I heard someone said that serving others is the rent we pay for living on this earth. I agree and would add that active involvement with politics is the rent we pay for living in the United States.

Friday, July 9, 2010

Communities of the Diaspora

In the final volume of his trilogy on Christian theology in a North American contest, Douglas John Hall quotes comments of Rabbi Dow Mamur of Holy Blossom Temple in Toronto about Christians and Jews meeting one another:
They often come from the same realization that our society is, alas, no longer dominated by Christianity but by the neo-paganism that goes under the name of secularity. Both Christians and Jews find themselves in the Diaspora; because of their history, Jews are better equipped to live in it.

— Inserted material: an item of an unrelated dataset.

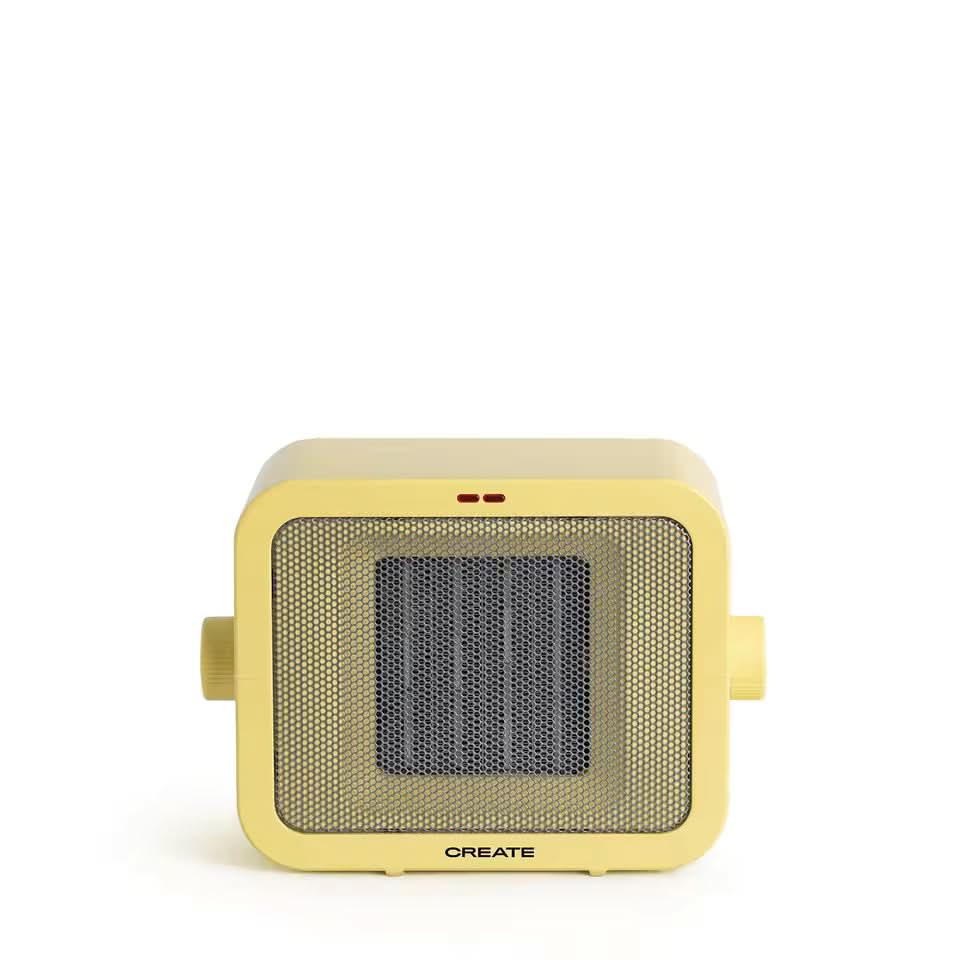 compact-ceramic-space-heater-with-overheat-protection-img13.jpg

Not long ago I spent an afternoon with a group of Bishops talking about want it is like to live in the Diaspora. It brought home to me the truth of how much we need each other - not for conversion but for comfort; not for politics but for testimony. This is, indeed, a time for all women and men of good faith to stick together.
While I am not at all sure that our North American societies were dominated by Christian faith, but rather by the ideology of Christendom, I think Rabbi Marmur is right that Christians have a great deal to learn from Jews about living in the Diaspora. In fact, I think that embracing our vocation as communities of the Diaspora is necessary if we are to be faithful. Nostalgia for the time when belonging to a church was normative in American society will do us no good. Even though there are mega-churches with thousands of  worshippers each Sunday, if we are at all honest we know that churches and other religious institutions are no longer as important to society as thy were fifty years ago.

Living in the Diaspora involves hard work, the hard work of thinking about the Christian faith, about ethical decisions, about how our faith shapes our life in society. This is the kind of work that Jews have done for centuries, the work that was necessary if they were to avoid being crushed by Christendom. This is the kind of work that Christians need to do if we are to withstand the temptation of conformity to the world's standards. The Christian faith, like the Jewish faith, is counter-cultural. We are called to stand against the world for the sake of the world, to bear witness in the world to the Good News of God's love for the world. That has been, I believe, the witness of Jewish people for centuries. That is to be our witness now as marginalized communities of the Diaspora.